Copyright, incentive and freedom

“Information wants to be free.” I must have mocked those words dozens of times on my blog. : Or a few. :  I might be counting the times I just thought that. Either way, that expression is not an argument. It’s a statement of ideological faith. The pro-copyright right has its own religion on this, too.

The music industry, for example, demonstrates its faith via windmill-tilting-based litigation genuflection. The best way to describe its approach copyright enforcement is to think of “mass tort” litigation seen through the wrong end of a telescope*–indeed, as it turns out, the “mass” is there in terms of the litigation, but it seems not so much in terms of the harm. (Was anyone ever really fooled by that number? Not LIKELIHOOD OF CONFUSION:®.)

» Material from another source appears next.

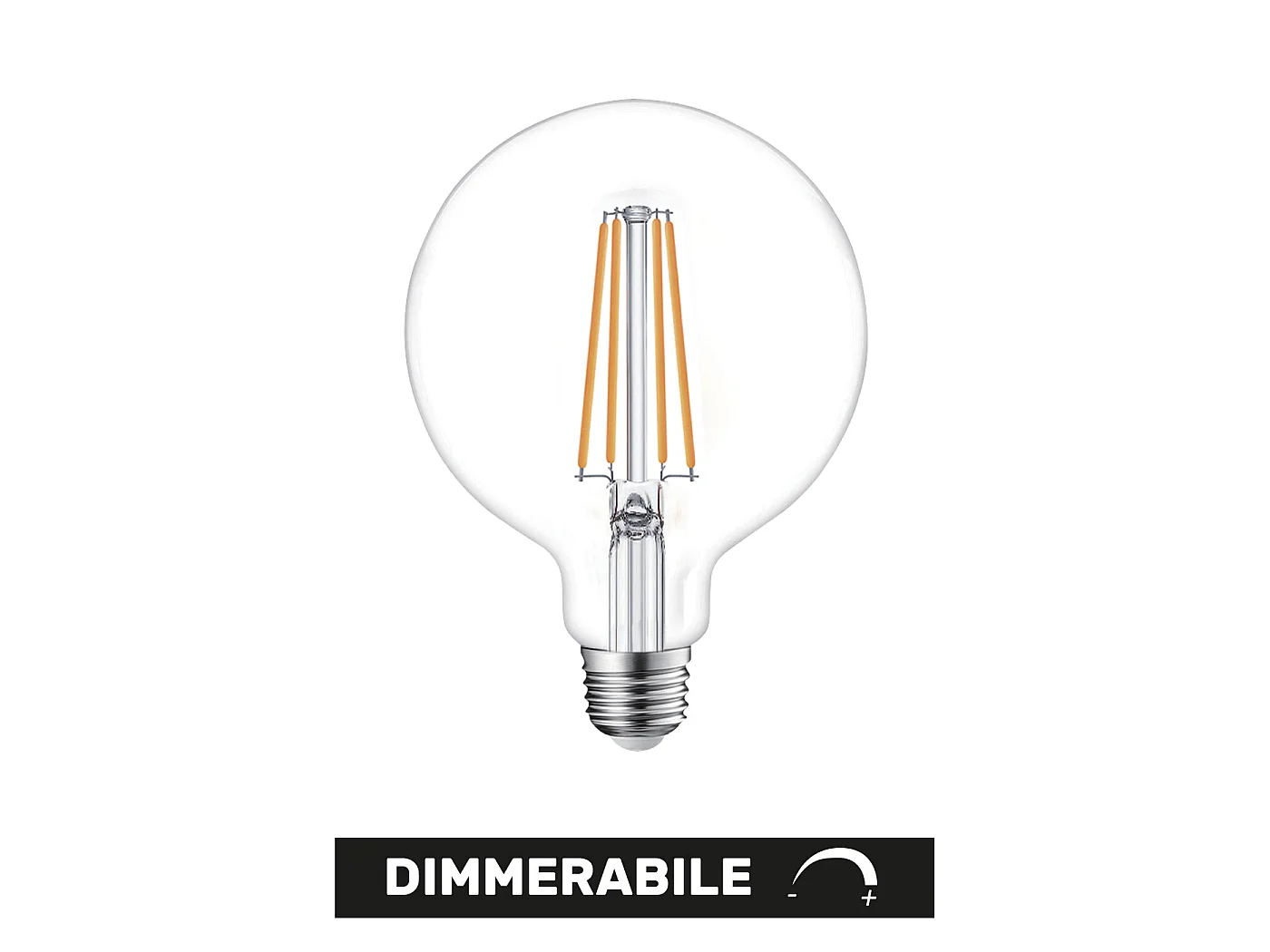 Alcapower LED Lamp G95 Globe Dimbaar 12W E27 1520lm 4000K Natuurlijk Licht 360° - Energie-efficiëntieklasse E voor Thuisverlichting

You don’t have to be a know-nothing, however, to believe that copyright still makes sense, at least conceptually. Take Tracey Armstrong:

“Copyright holders have the right to price and term the works that they have created, the works that they own. That’s a stake in the ground. I couldn’t do what I do for a living without believing that,” says Tracey Armstrong, CEO of the Copyright Clearance Center, in a conversation earlier this week on the future of copyright. “We couldn’t foresee the iPad back in 1985, so digitization and the complications that come with it are what we’re working on right now.”

Well, okay, the fact that you’re paid to believe something doesn’t make it true, either–just ask a lawyer. But she’s right. More:

“I agree with the statement that everyone is now a publisher,” she says, “and what that means is a tremendous proliferation of material that is copyrighted and can be licensed.” She describes this as the “atomization” of content —- books being offered as individual chapters and paragraphs, computer software being parsed into individual lines of code —- a phenomenon that is causing exponential growth in the number of “granular” elements that are available to be licensed.
Of course, she adds, “the market is not infinitely elastic” -— and notes that there is plenty of information that will be offered for free, or will have to be.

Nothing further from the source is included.